Per 20 anni su 24 di servizio si è assentata da lavoro. Per questo una professoressa di Storia e Filosofia della scuola secondaria di secondo grado è stata destituita dal Miur. Ora la Cassazione ha confermato la destituzione, attribuendo alla docente una “inettitudine permanente e assoluta all’insegnamento”.
La prof era finita sotto i riflettori del Miur dopo le lamentele degli studenti che nei soli 4 mesi di fila in cui si era dedicata alla classe, avevano riscontrato “impreparazione”, “casualità” nell’assegnazione dei voti e il presentarsi senza libri di testo. Così è scattata l’ispezione ministeriale che ha definito “incompatibili con l’insegnamento” le sue modalità di fare lezione.
Stesso verdetto ha ora emesso la Cassazione, respingendo il ricorso della docente che si era appellata al principio costituzionale della “libertà di insegnamento”.
“La liberà di insegnamento in ambito scolastico – sottolinea la Cassazione – è intesa come autonomia didattica diretta e funzionale a una piena formazione della personalità degli alunni, titolari di un vero e proprio diritto allo studio”.
“Non è dunque libertà fine a se stessa, ma il suo esercizio – prosegue il verdetto 17897 – attraverso l’autonomia didattica del singolo insegnante, costituisce il modo per garantire il diritto allo studio di ogni alunno e, in ultima analisi, la piena formazione della personalità dei discenti”.
Ad avviso degli ermellini, dunque, il concetto di libertà didattica “comprende certo una autonomia nella scelta di metodi appropriati di insegnamento” ma questo “non significa che l’insegnante possa non attuare alcun metodo o che possa non organizzare e non strutturare le lezioni”.
Durante la tre giorni di ispezione del Miur, sollecitata dal dirigente della scuola secondaria di Chioggia dove la prof – destinataria di assegnazioni annuali in quanto moglie di un ufficiale della Guardia di Finanza – prestava servizio, era emerso che la docente era disattenta “verso gli alunni durante le loro interrogazioni” in quanto intenta a un “uso continuo del cellulare con messaggistica”.
In una classe, aveva utilizzato le foto del libro di testo che servivano per fare la verifica in un’altra classe. Mentre interrogava, capitava che si mettesse a parlare con uno studente diverso da quello che doveva rispondere.
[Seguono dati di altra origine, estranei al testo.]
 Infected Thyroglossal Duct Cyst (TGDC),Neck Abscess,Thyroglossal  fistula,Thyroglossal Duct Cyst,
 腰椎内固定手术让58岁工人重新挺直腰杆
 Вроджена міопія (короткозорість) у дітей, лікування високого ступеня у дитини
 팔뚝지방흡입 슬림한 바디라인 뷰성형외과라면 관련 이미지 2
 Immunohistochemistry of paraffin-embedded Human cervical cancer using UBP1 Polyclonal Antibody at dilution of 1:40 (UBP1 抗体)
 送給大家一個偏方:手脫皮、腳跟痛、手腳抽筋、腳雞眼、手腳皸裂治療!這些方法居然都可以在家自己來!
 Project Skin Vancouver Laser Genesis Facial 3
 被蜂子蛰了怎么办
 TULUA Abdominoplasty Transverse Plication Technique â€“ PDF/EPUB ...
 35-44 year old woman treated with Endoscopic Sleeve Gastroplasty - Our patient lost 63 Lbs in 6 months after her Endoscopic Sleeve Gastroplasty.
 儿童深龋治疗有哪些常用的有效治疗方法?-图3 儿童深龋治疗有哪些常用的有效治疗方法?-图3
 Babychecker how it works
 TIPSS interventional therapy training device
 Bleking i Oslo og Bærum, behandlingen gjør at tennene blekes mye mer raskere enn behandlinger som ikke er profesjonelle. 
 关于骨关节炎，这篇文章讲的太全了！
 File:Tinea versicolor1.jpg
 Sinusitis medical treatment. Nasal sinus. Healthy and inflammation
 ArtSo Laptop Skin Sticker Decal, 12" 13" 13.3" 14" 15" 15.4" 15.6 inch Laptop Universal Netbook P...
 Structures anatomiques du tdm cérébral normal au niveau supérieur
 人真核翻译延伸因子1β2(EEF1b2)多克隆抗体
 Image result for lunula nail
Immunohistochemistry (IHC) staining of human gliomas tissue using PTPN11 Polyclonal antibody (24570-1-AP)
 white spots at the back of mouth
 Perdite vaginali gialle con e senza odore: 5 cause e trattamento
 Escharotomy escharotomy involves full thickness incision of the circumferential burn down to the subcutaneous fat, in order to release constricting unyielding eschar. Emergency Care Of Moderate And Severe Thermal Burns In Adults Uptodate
Altra accusa formulata dal Miur anche la “scarsa cura delle lezioni”.
Accertate pure “le gravi imprecisioni nel redigere i programmi finali delle classi quarte (ad esempio, programma e numero di ore diversi da quelli effettivamente dedicati alle spiegazioni, argomento su Hegel in realtà mai trattato in classe)”.
Il monitoraggio delle tre ispettrici inviate dal Miur, nel marzo 2013, culminava nel “concorde giudizio” sulla “assenza di criteri sostenibili nell’attribuire voti, la non chiarezza e confusione nelle spiegazioni, l’improvvisazione, la lettura pedissequa del libro di testo preso in prestito dall’alunno, l’assenza di filo logico nella sequenza delle lezioni, l’attribuzione di voti in modo estemporaneo ed umorale, la pessima modalità di organizzazione e predisposizione delle verifiche”.
Pertanto la Cassazione ha confermato la destituzione, come già stabilito dalla Corte di Appello di Venezia nel 2021. In primo grado, invece, il Tribunale nel 2018 aveva detto no alla destituzione ritenendo che nonostante “la disorganizzazione e faciloneria” della docente, l’ispezione di tre giorni fosse un periodo di osservazione “troppo breve” per certificare “una inettitudine assoluta e permanente”. Ora la Cassazione ha posto la parola fine.